Suasana rumah sudah sepi, Natta membelokkan langkah menuju kamar Agam. Tadi dari bawah beberapa kali dia mendengar ayahnya itu terbatuk. Padahal sepulang dari rumah sakit tadi ayahnya itu sudah baik-baik saja.
Dan benar, dengan mata yang sudah terpejam Agam terbatuk di tempat tidurnya. Natta segera mendekat, membangunkan ayahnya dan membantunya duduk bersandar untuk minum.
"Kok batuk lagi Yah? Udah diminum belum obatnya?" Agam yang baru selesai meneguk air putih dari tangan putranya hanya menggeleng.
"Ck, Natta tau ayah itu paling anti sama obat, tapi ayah baru keluar dari rumah sakit. Jangan bandel dong Yah, mana obatnya?" Agam terdiam menatap putranya yang sibuk mencari di meja sebelah ranjang.
"Dimana sih ayah nyimpen obatnya?" Anak itu masih sibuk membuka satu persatu laci.
"Atau jangan-jangan ayah buang ya." Agam tersenyum miring sambil meraih kacamata dari atas meja.

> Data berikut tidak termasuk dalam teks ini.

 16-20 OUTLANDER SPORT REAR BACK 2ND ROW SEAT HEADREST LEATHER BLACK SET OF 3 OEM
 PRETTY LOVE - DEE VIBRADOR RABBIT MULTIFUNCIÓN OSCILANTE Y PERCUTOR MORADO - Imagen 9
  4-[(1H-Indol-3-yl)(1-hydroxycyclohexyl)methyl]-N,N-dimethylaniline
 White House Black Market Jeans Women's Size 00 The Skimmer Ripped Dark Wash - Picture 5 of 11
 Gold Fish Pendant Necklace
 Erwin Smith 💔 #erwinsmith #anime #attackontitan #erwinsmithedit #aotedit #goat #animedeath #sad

"Obatnya seperti apa aja ayah nggak tau, gimana mau buang." Natta menegakkan tubuhnya.
"Masa ayah nggak tau. Obatnya itu ada lima macem Yah, dibungkus plastik putih kecil, terus tadi Natta taruh di tas warna...." Natta menggantungkan kalimatnya, seperti teringat sesuatu.
"Tas warna item yang masih ada di mobil kamu?" Sambar Agam. Natta tercengang beberapa saat sebelum tersenyum canggung.

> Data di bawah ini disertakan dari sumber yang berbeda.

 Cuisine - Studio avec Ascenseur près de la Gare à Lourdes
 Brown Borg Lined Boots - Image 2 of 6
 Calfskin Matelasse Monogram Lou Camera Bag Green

"Heheee, kayaknya tadi Natta lupa keluarin Yah. Bentar ya." Agam terkekeh melihat Natta berlari keluar kamar.
Pria itu tertegun memandangi pintu kamar yang terbuka. Sejak kepergian Flora rasanya baru sekarang Agam melihat anaknya secerewet ini, seperti Natta yang dulu sebelum mengetahui penyakit ibunya.

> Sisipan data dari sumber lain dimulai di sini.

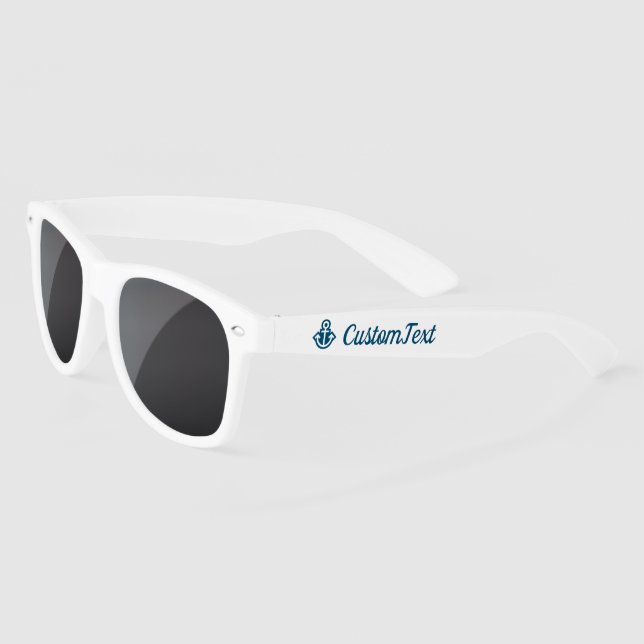 Ancre Bleue Nautique Lunettes de soleil en plastiq (Gauche)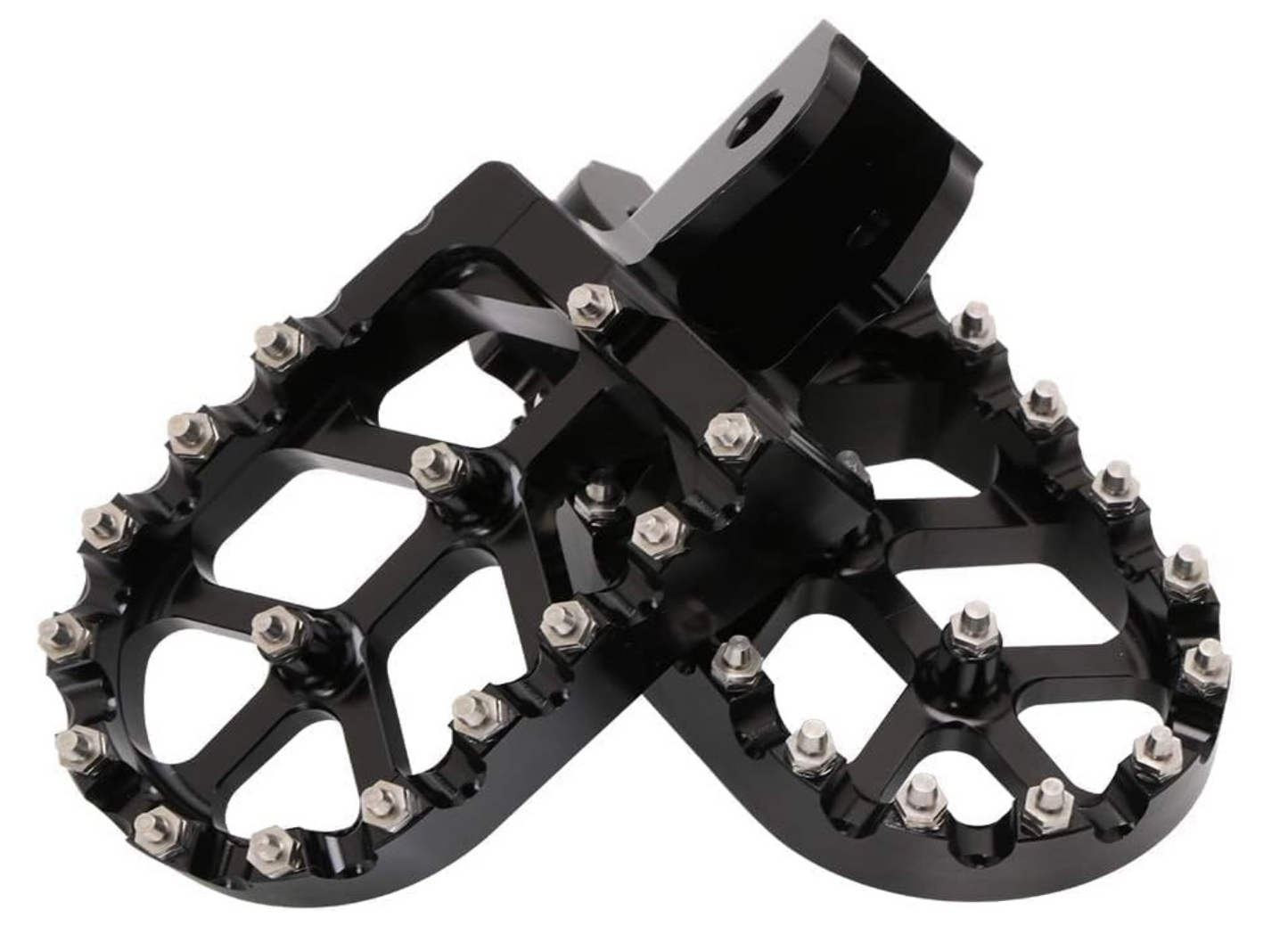 Dirt Bike Foot Pegs with Springs Aluminum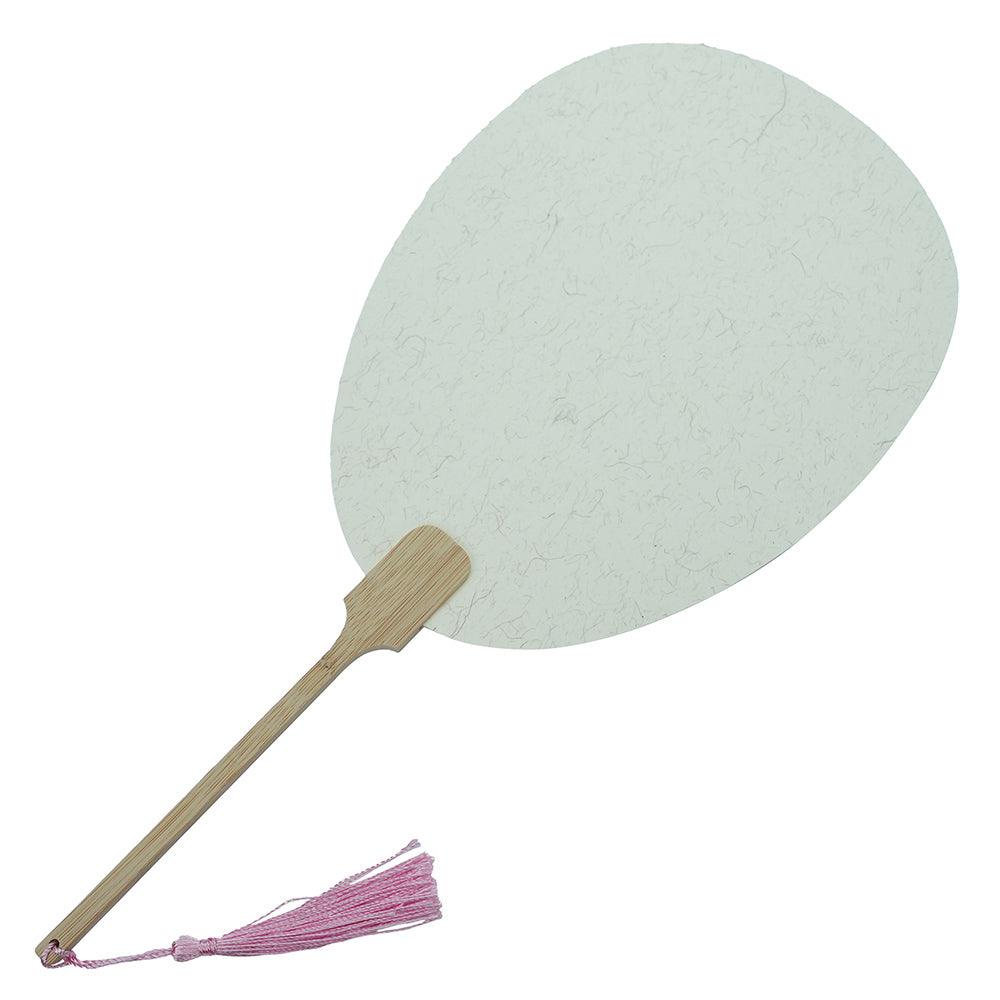 CHINESE COURT STYLE BLANK XUAN PAPER HAND FAN FOR DIY PAINTING TO-000027 - CHL-STORE 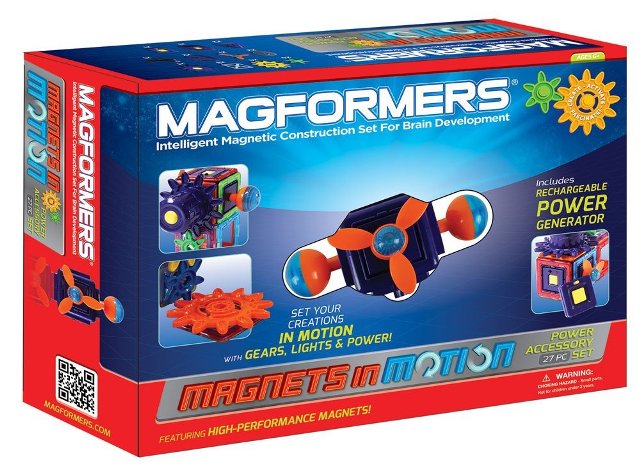 63206 Magnets In Motion - 27 Piece Power Accessory Set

Selama Agam masuk rumah sakit kemarin Natta memang selalu mendampinginya bersama Dina, membantu kebutuhannya sekecil apapun. Sikapnya juga masih seperti biasa, tapi beberapa kali Agam memergoki anaknya itu terlihat gelisah. Dan Agam tahu itu bukan masalah pekerjaan, karena Natta ini biasanya akan mengabaikan apapun kalau sudah sibuk dengan keluarga.
"Sebenarnya Natta kenapa?" tanya Agam waktu itu.
"Nggak papa. Emangnya Natta kenapa?"
"Ditanya kok malah nanya balik." Agam melihat ponselnya yang sedang dipinjam Natta hanya diputar-putar di tangannya.
"Dari tadi Natta cuma mainin handphone ayah tanpa digunain, ada apa sih? Mau nelfon orang?" Natta melirik ponsel di tangannya.
"Enggak, ini cuma.... apa namanya... ah handphone ayah nggak asik, sepi nggak ada gamesnya." Natta beranjak mengembalikan ponsel Agam. Setelah itu dia merebahkan diri di sofa, menatap langit-langit ruang rawat Agam. Dan semua itu tak lepas dari pengamatan ayahnya.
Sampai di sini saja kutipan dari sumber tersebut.